What needs to be done
Could you please write out the data shown below, exactly and in full?

-- Supplied data follows --

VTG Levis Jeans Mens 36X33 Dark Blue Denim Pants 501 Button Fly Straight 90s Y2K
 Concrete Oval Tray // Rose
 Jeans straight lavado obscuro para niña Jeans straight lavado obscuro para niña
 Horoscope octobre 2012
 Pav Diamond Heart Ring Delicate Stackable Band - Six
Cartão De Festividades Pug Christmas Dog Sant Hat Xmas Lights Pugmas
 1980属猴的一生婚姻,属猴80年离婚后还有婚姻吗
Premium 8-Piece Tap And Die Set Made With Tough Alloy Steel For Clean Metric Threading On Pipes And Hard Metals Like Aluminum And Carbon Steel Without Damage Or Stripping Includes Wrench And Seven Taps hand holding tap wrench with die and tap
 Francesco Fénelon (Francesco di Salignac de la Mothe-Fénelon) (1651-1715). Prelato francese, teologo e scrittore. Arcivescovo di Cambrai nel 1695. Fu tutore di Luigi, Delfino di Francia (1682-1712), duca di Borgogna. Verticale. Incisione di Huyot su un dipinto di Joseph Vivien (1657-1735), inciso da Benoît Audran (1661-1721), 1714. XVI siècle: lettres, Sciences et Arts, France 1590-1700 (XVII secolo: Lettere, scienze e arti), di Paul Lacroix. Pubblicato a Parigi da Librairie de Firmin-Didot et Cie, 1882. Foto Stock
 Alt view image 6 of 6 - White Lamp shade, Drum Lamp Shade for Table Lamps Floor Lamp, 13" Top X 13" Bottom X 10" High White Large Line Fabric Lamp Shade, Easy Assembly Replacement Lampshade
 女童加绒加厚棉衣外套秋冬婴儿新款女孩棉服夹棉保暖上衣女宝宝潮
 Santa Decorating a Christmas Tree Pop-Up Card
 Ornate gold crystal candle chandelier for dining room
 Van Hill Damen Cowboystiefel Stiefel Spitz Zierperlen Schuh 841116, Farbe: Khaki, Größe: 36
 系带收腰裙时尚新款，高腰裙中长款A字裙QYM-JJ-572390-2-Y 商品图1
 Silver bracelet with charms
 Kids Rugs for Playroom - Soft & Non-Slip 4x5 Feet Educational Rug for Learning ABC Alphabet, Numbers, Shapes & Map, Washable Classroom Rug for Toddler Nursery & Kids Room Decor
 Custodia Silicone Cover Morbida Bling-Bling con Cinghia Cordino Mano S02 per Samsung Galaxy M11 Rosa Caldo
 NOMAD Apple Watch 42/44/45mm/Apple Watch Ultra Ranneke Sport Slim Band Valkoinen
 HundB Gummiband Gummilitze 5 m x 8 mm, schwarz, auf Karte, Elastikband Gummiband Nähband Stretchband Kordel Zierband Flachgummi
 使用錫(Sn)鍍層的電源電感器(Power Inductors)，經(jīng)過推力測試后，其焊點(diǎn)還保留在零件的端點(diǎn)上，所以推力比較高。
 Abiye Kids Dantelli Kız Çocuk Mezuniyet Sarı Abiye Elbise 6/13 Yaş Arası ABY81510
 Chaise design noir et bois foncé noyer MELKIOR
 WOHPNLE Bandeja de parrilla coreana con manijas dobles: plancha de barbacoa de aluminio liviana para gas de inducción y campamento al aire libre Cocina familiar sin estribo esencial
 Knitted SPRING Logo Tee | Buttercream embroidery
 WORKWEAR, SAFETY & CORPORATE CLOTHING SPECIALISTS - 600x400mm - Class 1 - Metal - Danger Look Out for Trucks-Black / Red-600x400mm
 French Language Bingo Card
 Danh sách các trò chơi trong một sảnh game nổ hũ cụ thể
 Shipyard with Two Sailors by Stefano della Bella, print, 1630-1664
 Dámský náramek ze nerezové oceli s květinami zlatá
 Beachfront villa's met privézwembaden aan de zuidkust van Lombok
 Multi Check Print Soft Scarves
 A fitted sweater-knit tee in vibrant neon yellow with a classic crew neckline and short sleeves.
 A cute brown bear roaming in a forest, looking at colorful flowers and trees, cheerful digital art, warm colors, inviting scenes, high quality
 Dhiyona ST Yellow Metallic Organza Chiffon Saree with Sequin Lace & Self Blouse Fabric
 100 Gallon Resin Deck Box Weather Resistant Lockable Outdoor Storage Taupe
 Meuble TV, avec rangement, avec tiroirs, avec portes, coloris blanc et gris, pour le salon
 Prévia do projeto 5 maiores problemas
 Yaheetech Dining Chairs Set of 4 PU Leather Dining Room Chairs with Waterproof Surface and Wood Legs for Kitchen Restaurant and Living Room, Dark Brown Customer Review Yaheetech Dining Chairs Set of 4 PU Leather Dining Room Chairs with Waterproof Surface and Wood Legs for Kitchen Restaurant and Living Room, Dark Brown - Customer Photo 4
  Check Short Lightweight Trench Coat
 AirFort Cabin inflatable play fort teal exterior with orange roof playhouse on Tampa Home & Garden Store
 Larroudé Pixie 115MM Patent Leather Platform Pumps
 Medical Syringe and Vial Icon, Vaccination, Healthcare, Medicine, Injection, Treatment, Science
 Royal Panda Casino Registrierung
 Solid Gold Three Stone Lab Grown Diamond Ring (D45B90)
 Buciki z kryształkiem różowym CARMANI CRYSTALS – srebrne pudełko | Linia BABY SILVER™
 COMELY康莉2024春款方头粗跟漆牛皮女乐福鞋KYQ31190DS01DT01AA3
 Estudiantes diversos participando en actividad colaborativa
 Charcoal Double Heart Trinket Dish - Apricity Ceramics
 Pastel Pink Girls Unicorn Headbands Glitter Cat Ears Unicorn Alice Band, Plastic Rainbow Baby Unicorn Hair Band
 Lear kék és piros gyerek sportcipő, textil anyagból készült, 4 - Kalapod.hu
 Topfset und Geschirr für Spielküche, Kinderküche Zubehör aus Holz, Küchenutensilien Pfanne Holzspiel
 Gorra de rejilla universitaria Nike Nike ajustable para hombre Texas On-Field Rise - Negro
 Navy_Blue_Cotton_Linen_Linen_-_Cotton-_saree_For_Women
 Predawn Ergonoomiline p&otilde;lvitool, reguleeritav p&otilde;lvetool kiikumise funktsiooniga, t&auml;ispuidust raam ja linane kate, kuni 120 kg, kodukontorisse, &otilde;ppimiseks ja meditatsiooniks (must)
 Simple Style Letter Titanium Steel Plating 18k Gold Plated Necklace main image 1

-- Supplied data concluded --

Answer section
VTG Levis Jeans Mens 36X33 Dark Blue Denim Pants 501 Button Fly Straight 90s Y2K
 Concrete Oval Tray // Rose
 Jeans straight lavado obscuro para niña Jeans straight lavado obscuro para niña
 Horoscope octobre 2012
 Pav Diamond Heart Ring Delicate Stackable Band - Six
Cartão De Festividades Pug Christmas Dog Sant Hat Xmas Lights Pugmas
 1980属猴的一生婚姻,属猴80年离婚后还有婚姻吗
Premium 8-Piece Tap And Die Set Made With Tough Alloy Steel For Clean Metric Threading On Pipes And Hard Metals Like Aluminum And Carbon Steel Without Damage Or Stripping Includes Wrench And Seven Taps hand holding tap wrench with die and tap
 Francesco Fénelon (Francesco di Salignac de la Mothe-Fénelon) (1651-1715). Prelato francese, teologo e scrittore. Arcivescovo di Cambrai nel 1695. Fu tutore di Luigi, Delfino di Francia (1682-1712), duca di Borgogna. Verticale. Incisione di Huyot su un dipinto di Joseph Vivien (1657-1735), inciso da Benoît Audran (1661-1721), 1714. XVI siècle: lettres, Sciences et Arts, France 1590-1700 (XVII secolo: Lettere, scienze e arti), di Paul Lacroix. Pubblicato a Parigi da Librairie de Firmin-Didot et Cie, 1882. Foto Stock
 Alt view image 6 of 6 - White Lamp shade, Drum Lamp Shade for Table Lamps Floor Lamp, 13" Top X 13" Bottom X 10" High White Large Line Fabric Lamp Shade, Easy Assembly Replacement Lampshade
 女童加绒加厚棉衣外套秋冬婴儿新款女孩棉服夹棉保暖上衣女宝宝潮
 Santa Decorating a Christmas Tree Pop-Up Card
 Ornate gold crystal candle chandelier for dining room
 Van Hill Damen Cowboystiefel Stiefel Spitz Zierperlen Schuh 841116, Farbe: Khaki, Größe: 36
 系带收腰裙时尚新款，高腰裙中长款A字裙QYM-JJ-572390-2-Y 商品图1
 Silver bracelet with charms
 Kids Rugs for Playroom - Soft & Non-Slip 4x5 Feet Educational Rug for Learning ABC Alphabet, Numbers, Shapes & Map, Washable Classroom Rug for Toddler Nursery & Kids Room Decor
 Custodia Silicone Cover Morbida Bling-Bling con Cinghia Cordino Mano S02 per Samsung Galaxy M11 Rosa Caldo
 NOMAD Apple Watch 42/44/45mm/Apple Watch Ultra Ranneke Sport Slim Band Valkoinen
 HundB Gummiband Gummilitze 5 m x 8 mm, schwarz, auf Karte, Elastikband Gummiband Nähband Stretchband Kordel Zierband Flachgummi
 使用錫(Sn)鍍層的電源電感器(Power Inductors)，經(jīng)過推力測試后，其焊點(diǎn)還保留在零件的端點(diǎn)上，所以推力比較高。
 Abiye Kids Dantelli Kız Çocuk Mezuniyet Sarı Abiye Elbise 6/13 Yaş Arası ABY81510
 Chaise design noir et bois foncé noyer MELKIOR
 WOHPNLE Bandeja de parrilla coreana con manijas dobles: plancha de barbacoa de aluminio liviana para gas de inducción y campamento al aire libre Cocina familiar sin estribo esencial
 Knitted SPRING Logo Tee | Buttercream embroidery
 WORKWEAR, SAFETY & CORPORATE CLOTHING SPECIALISTS - 600x400mm - Class 1 - Metal - Danger Look Out for Trucks-Black / Red-600x400mm
 French Language Bingo Card
 Danh sách các trò chơi trong một sảnh game nổ hũ cụ thể
 Shipyard with Two Sailors by Stefano della Bella, print, 1630-1664
 Dámský náramek ze nerezové oceli s květinami zlatá
 Beachfront villa's met privézwembaden aan de zuidkust van Lombok
 Multi Check Print Soft Scarves
 A fitted sweater-knit tee in vibrant neon yellow with a classic crew neckline and short sleeves.
 A cute brown bear roaming in a forest, looking at colorful flowers and trees, cheerful digital art, warm colors, inviting scenes, high quality
 Dhiyona ST Yellow Metallic Organza Chiffon Saree with Sequin Lace & Self Blouse Fabric
 100 Gallon Resin Deck Box Weather Resistant Lockable Outdoor Storage Taupe
 Meuble TV, avec rangement, avec tiroirs, avec portes, coloris blanc et gris, pour le salon
 Prévia do projeto 5 maiores problemas
 Yaheetech Dining Chairs Set of 4 PU Leather Dining Room Chairs with Waterproof Surface and Wood Legs for Kitchen Restaurant and Living Room, Dark Brown Customer Review Yaheetech Dining Chairs Set of 4 PU Leather Dining Room Chairs with Waterproof Surface and Wood Legs for Kitchen Restaurant and Living Room, Dark Brown - Customer Photo 4
  Check Short Lightweight Trench Coat
 AirFort Cabin inflatable play fort teal exterior with orange roof playhouse on Tampa Home & Garden Store
 Larroudé Pixie 115MM Patent Leather Platform Pumps
 Medical Syringe and Vial Icon, Vaccination, Healthcare, Medicine, Injection, Treatment, Science
 Royal Panda Casino Registrierung
 Solid Gold Three Stone Lab Grown Diamond Ring (D45B90)
 Buciki z kryształkiem różowym CARMANI CRYSTALS – srebrne pudełko | Linia BABY SILVER™
 COMELY康莉2024春款方头粗跟漆牛皮女乐福鞋KYQ31190DS01DT01AA3
 Estudiantes diversos participando en actividad colaborativa
 Charcoal Double Heart Trinket Dish - Apricity Ceramics
 Pastel Pink Girls Unicorn Headbands Glitter Cat Ears Unicorn Alice Band, Plastic Rainbow Baby Unicorn Hair Band
 Lear kék és piros gyerek sportcipő, textil anyagból készült, 4 - Kalapod.hu
 Topfset und Geschirr für Spielküche, Kinderküche Zubehör aus Holz, Küchenutensilien Pfanne Holzspiel
 Gorra de rejilla universitaria Nike Nike ajustable para hombre Texas On-Field Rise - Negro
 Navy_Blue_Cotton_Linen_Linen_-_Cotton-_saree_For_Women
 Predawn Ergonoomiline p&otilde;lvitool, reguleeritav p&otilde;lvetool kiikumise funktsiooniga, t&auml;ispuidust raam ja linane kate, kuni 120 kg, kodukontorisse, &otilde;ppimiseks ja meditatsiooniks (must)
 Simple Style Letter Titanium Steel Plating 18k Gold Plated Necklace main image 1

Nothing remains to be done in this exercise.